L’une de ces features, une des premières qui vient en tête des développeurs, est de modifier le mapping par défaut : le remapping. Il peut se présenter de différentes manières, nous les détaillerons dans un épisode dédiée à cette fonctionnalité. Elle existe depuis quelques temps déjà mais pas sous la bannière de l’accessibilité, mais comme une optimisation de performances de certains joueurs. Le remapping leur permettrait un meilleur confort de jeu. Cet amalgame entre “confort” et “accessibilité” est un argument avancé contre ce domaine montrant uniquement une incompréhension de celui-ci. Dans le cas des joueurs handicapés, il ne s’agit pas de confort mais d’accès. Le remapping est complexe et demande un travail d’anticipation puisque si des touches peuvent être changées, il faudra alors que l’entièreté du jeu s’adapte, dans l’affichage de tutoriels par exemple.
En deuxième feature phare de l’accessibilité motrice, je parlerai d’assistance à la visée. Prolongement d’options existantes comme la sensibilité des joysticks, cette option est associée à la majorité des jeux vidéos existants : les FPS. Plus généralement, lorsque de la précision est demandée à un joueur, cette feature est censée accompagner le gameplay. À nouveau, plusieurs méthodes peuvent être employées, rendant cette option plus ou moins efficace. Il s’avère que cette option est aussi utile dans le cadre de l’accessibilité visuelle.
Durant les années 2000, un nouveau type d’interaction est devenu populaire dans le jeu vidéo au travers des QTE, Quick Time Event. Pendant ce qu’il semble être une cinématique, il est demandé au joueur d’appuyer sur certaines touches au bon moment ou d’appuyer sur celles-ci rapidement. Ces actions demandant réflexes et souplesses ne sont pas toujours possibles ou à un prix énergétique, impactant le reste de la progression du joueur. Pourtant, ces QTE sont obligatoires où sans réussite, l’expérience est interrompue abruptement. Dans la même lignée de préserver énergie et expérience du joueur, maintenir une touche peut être épuisant. Il sera alors proposé un système en appuyant sur une touche pour basculer d’un état à un autre (le toggle, pour les intimes).

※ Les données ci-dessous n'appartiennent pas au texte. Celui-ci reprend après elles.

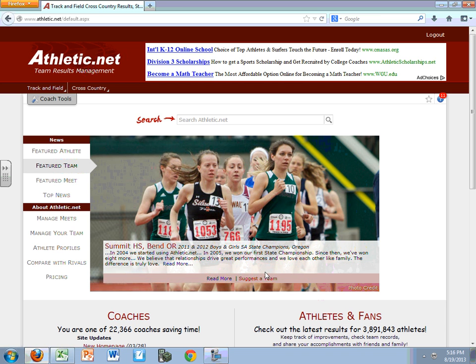Hello coaches, this is a short video that will help you get set up with your rosters on athletic.net for this 2013 cross-country season.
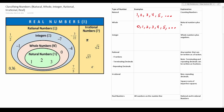Integers are whole numbers plus negatives. So that looks like this — again this continues to the left. So negative two, negative one, zero, one, two, and so on.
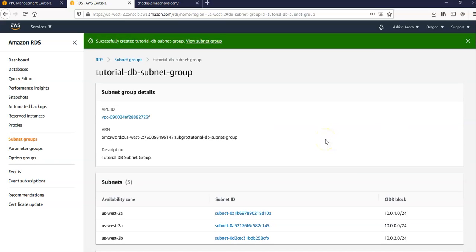So I hope this was informative to all of you guys. And in the next video we will create a web server and an Amazon RDS DB instance. Until then, have a good day. Bye.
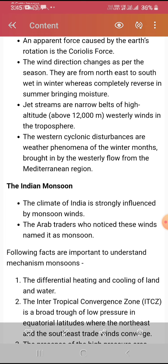The wind has a lot of effect on the climate — hot winds make the weather warm, and cold winds make it cold. Wind direction changes with the season: from northeast to southwest in winter, and completely reversed in summer, bringing moisture. Just above 12,000 meters altitude is a narrow belt of high-altitude winds called the jet stream in the troposphere. The western cyclonic disturbances are weather phenomena of the winter months, brought by westerly winds from the Mediterranean region.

Pour finir, je veux vous parler de l’ajustement de variables. Un jeu vidéo en est composé de pleins : la santé du joueur, la santé des ennemis, l’endurance, la vitesse de jeu etc… L’accessibilité peut être un juste équilibre entre ces variables, où le joueur peut produire sa propre recette.
Cette liste est loin d’être exhaustive mais elle permet d’avoir un premier aperçu des options d’accessibilité motrice. Chacune et d’autres non détaillées ici auront droit à son épisode avec des exemples concrets. Dans le prochain épisode, nous lèverons le voile sur une nouvelle famille : l’accessibilité visuelle.
Vous venez d’écouter Mismatch, une émission créée par un concerné pour des concernées.